LISTED RECORDS:
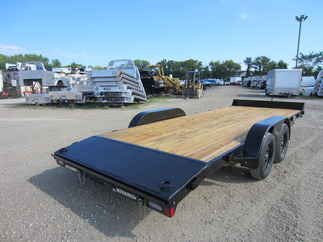 2023 Rice 82x20  Car Hauler FMCR8220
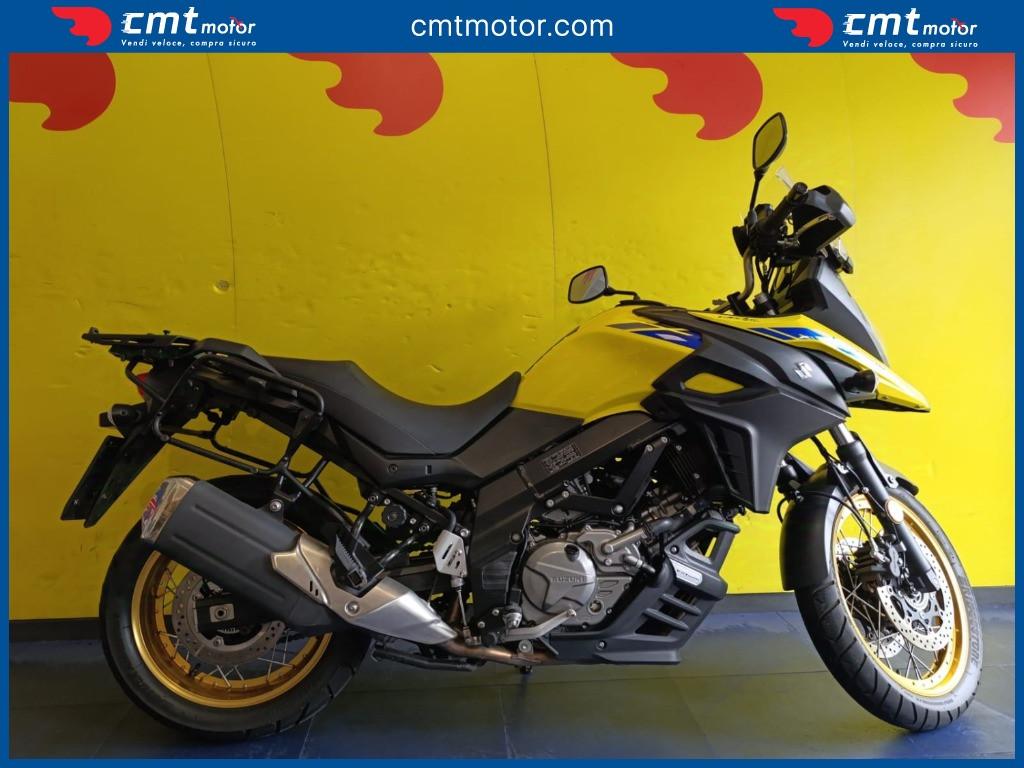 Suzuki V-Strom 650 XT - 2021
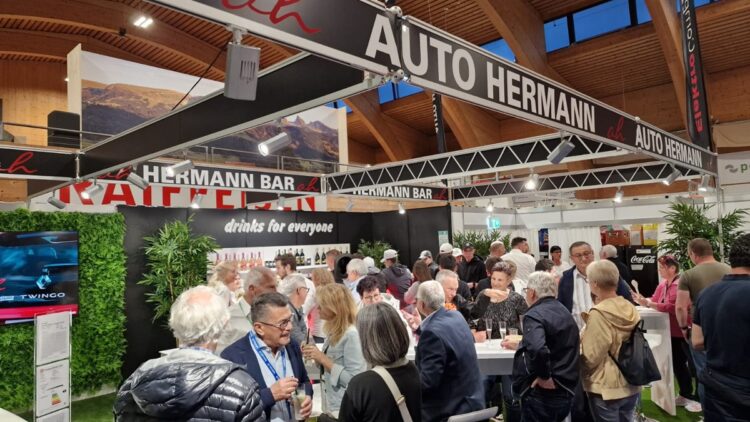 Rückblick auf ein aufregendes Wochenende an der TOM 2023 - ah Auto Hermann AG - Ebnat-Kappel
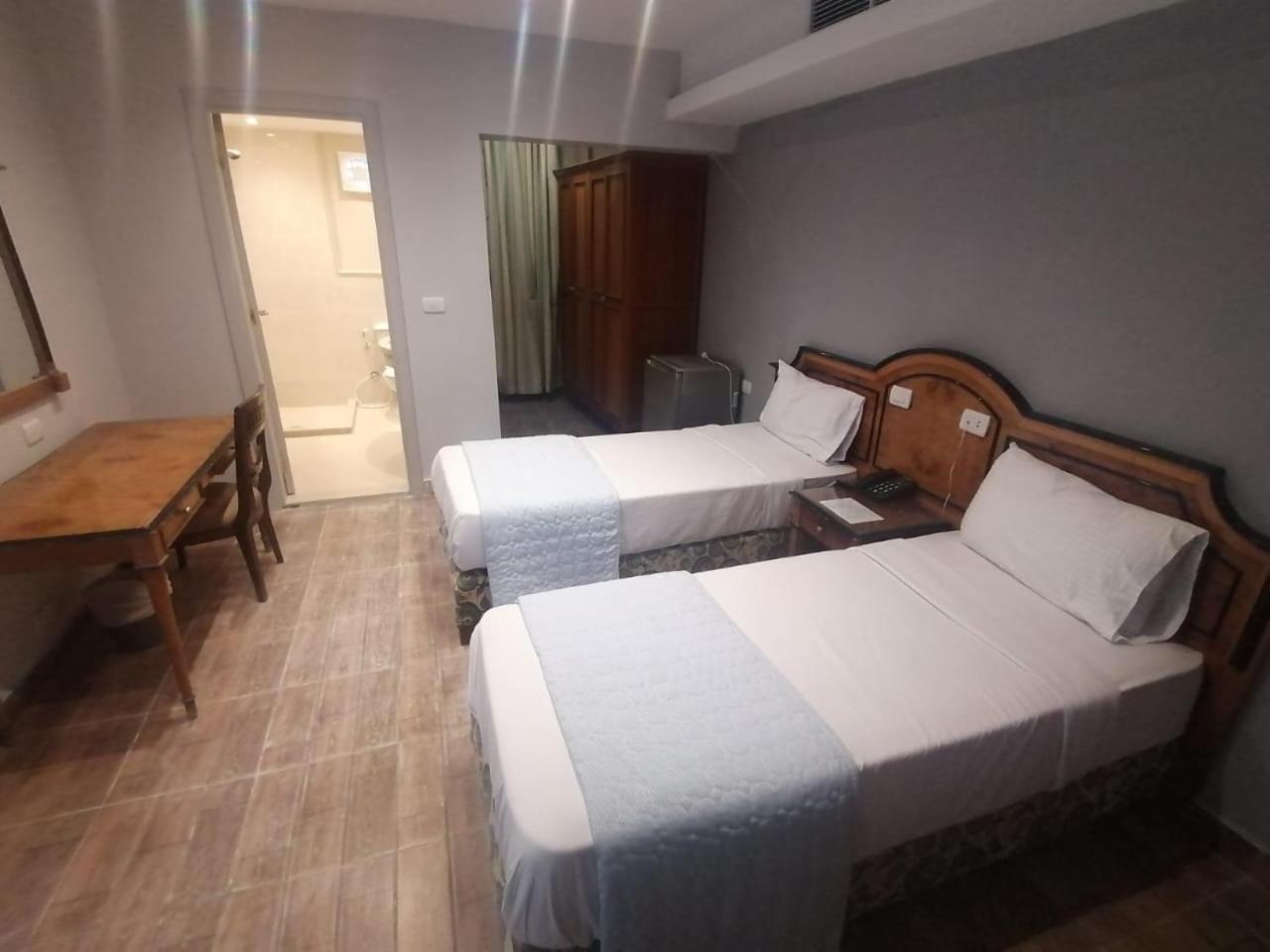 Kaoud Sporting Hotel İskenderiye Dış mekan fotoğraf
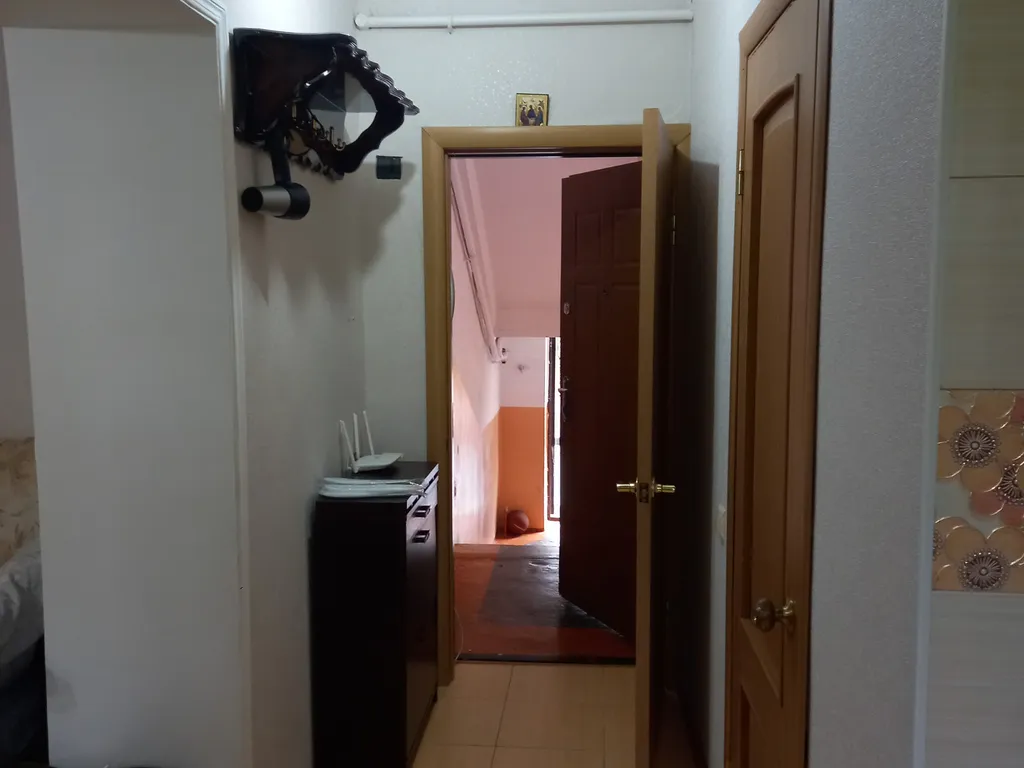 Уютная квартира  в центре города на набережной реки Терек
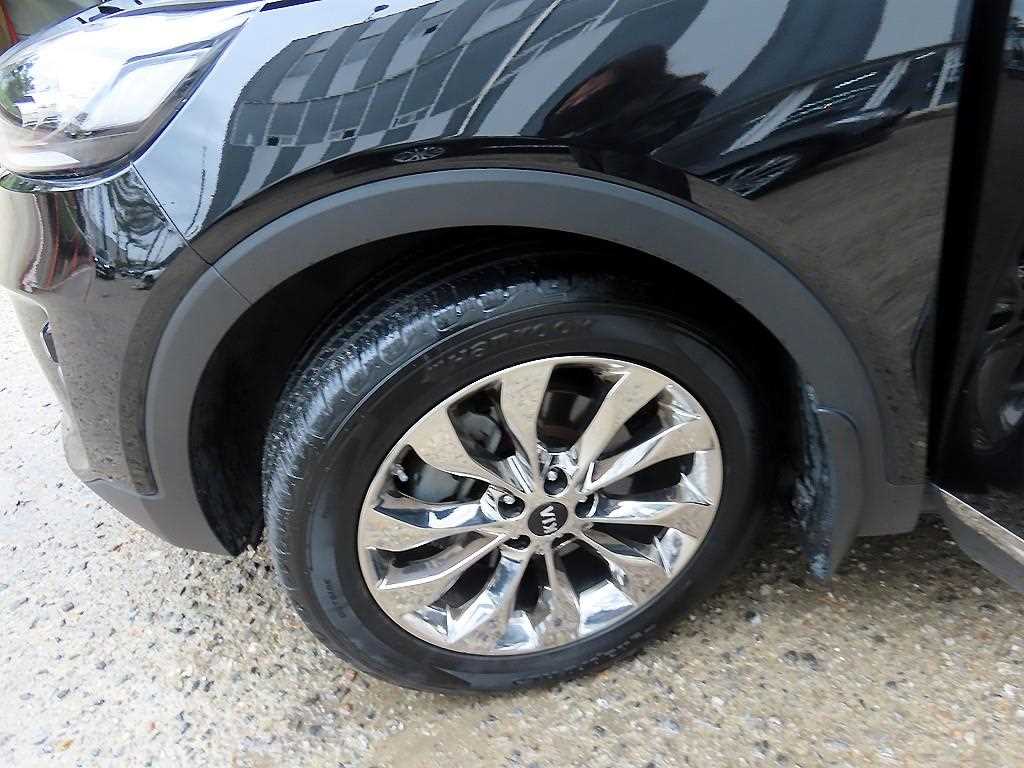 KIA Sorento 2018 Negro - Importación desde Corea - HF Imports Iquique - Foto 20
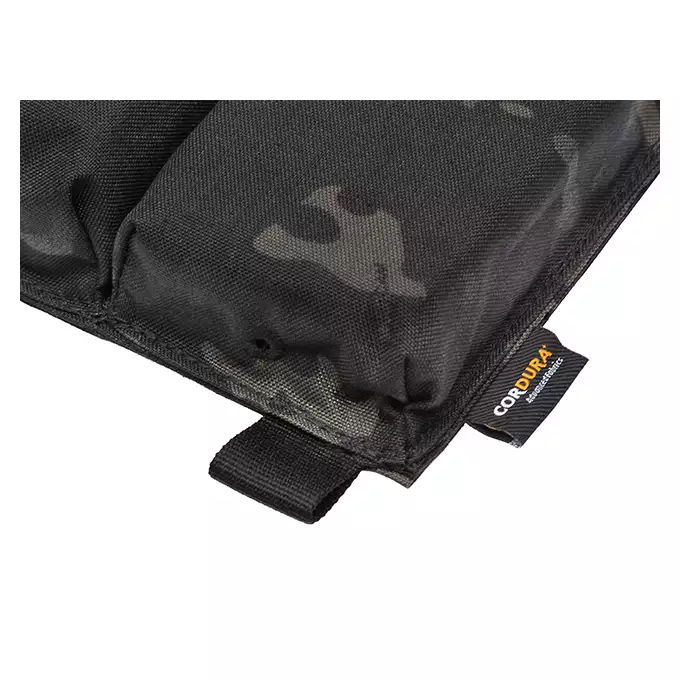 Buckle Up Triple 5.56 Mag Pouch - Multicam Black  [8FIELDS PREMIUM]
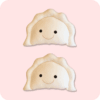 Team Poland Pierogi Plush 2PCS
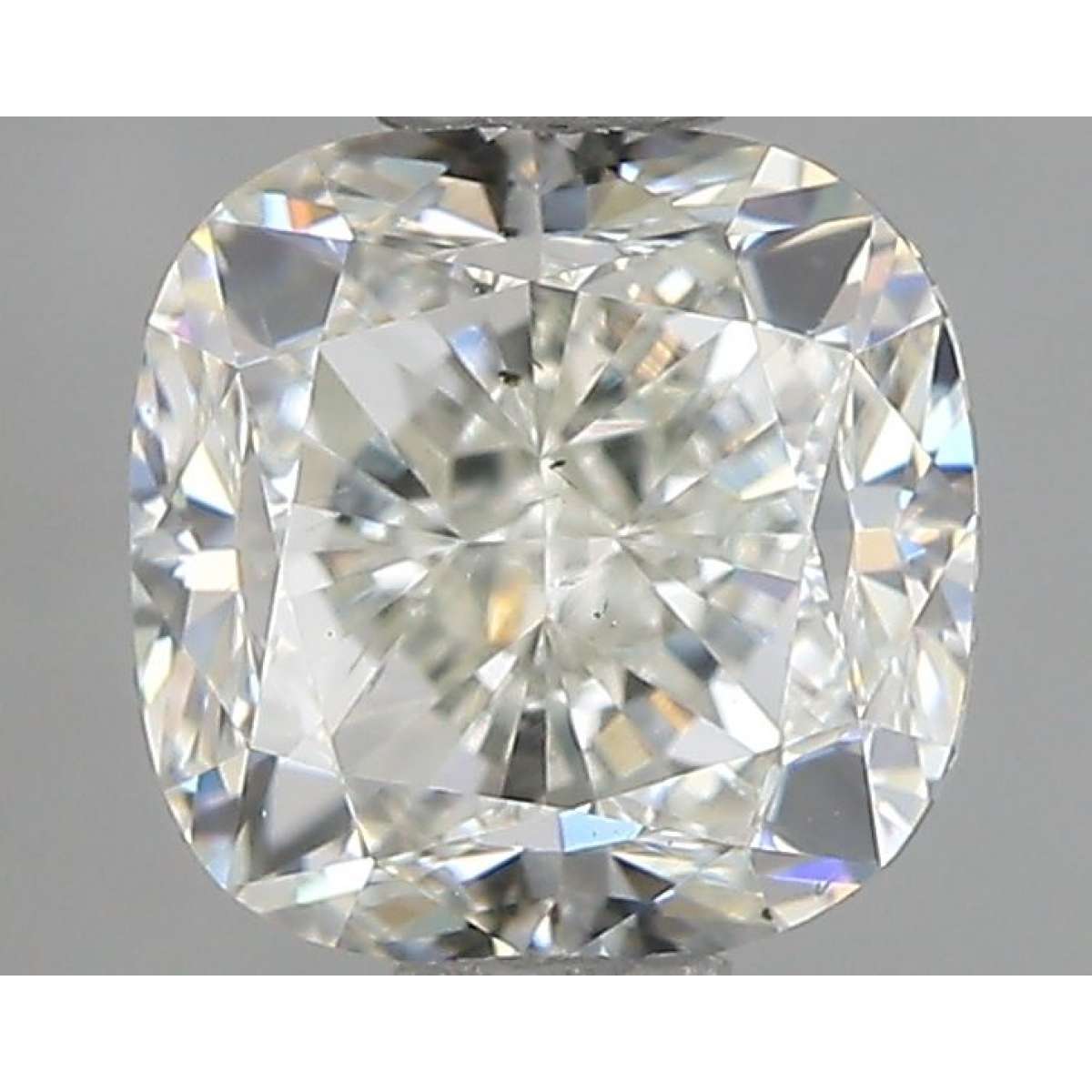 Certified Diamond IGI Carats 1.0 Color H Clarity VS2  -  EX  VG Fluorescence NON Brown No Milky No EyeClean 100%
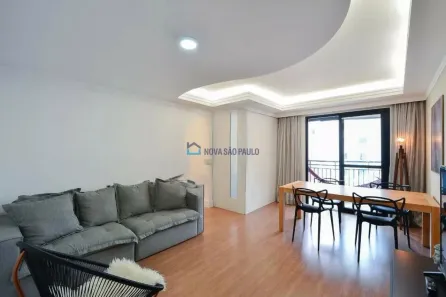 Apartamento com 3 Quartos à venda, 85m² no Bosque da Saúde, São Paulo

EXERCISE REQUIREMENTS: From the line with "Certified Diamond IGI" to the final line of the records, inclusive, set down the lines exactly and add nothing; leave every picture out.

TASK OUTPUT:
 Certified Diamond IGI Carats 1.0 Color H Clarity VS2  -  EX  VG Fluorescence NON Brown No Milky No EyeClean 100%
 Apartamento com 3 Quartos à venda, 85m² no Bosque da Saúde, São Paulo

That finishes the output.